***** SUPPLIED DATA *****

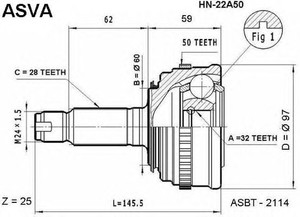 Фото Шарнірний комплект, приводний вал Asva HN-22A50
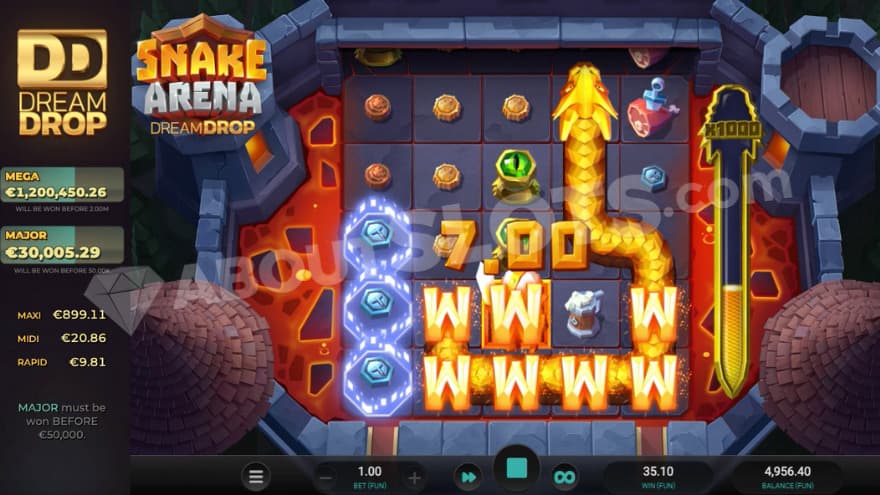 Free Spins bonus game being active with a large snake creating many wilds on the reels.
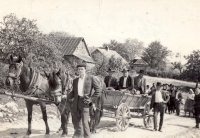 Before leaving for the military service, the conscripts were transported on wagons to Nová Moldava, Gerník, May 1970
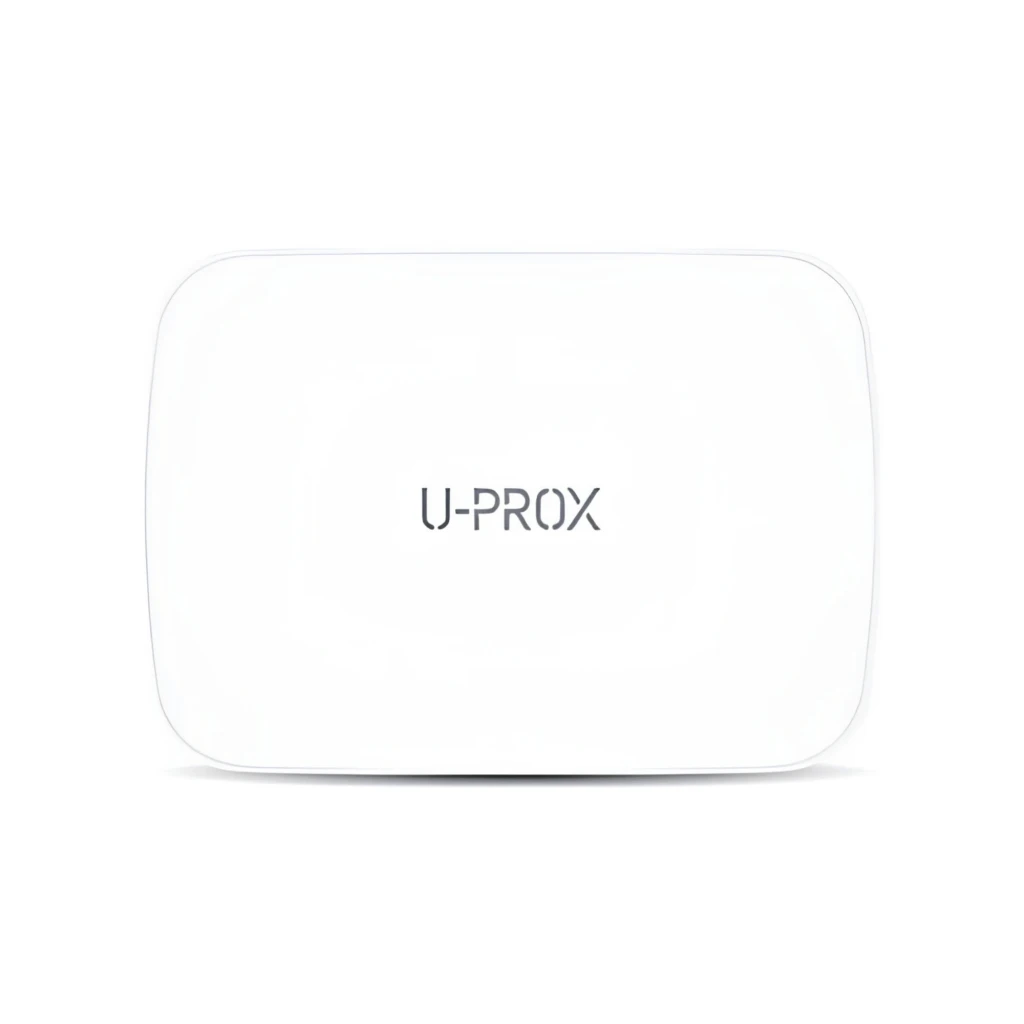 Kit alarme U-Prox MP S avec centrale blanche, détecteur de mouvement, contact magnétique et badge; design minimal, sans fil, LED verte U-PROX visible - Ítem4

*****

Return the material above in exact form. Pictures stay out.

→ EXERCISE RESULT:
 Фото Шарнірний комплект, приводний вал Asva HN-22A50
 Free Spins bonus game being active with a large snake creating many wilds on the reels.
 Before leaving for the military service, the conscripts were transported on wagons to Nová Moldava, Gerník, May 1970
 Kit alarme U-Prox MP S avec centrale blanche, détecteur de mouvement, contact magnétique et badge; design minimal, sans fil, LED verte U-PROX visible - Ítem4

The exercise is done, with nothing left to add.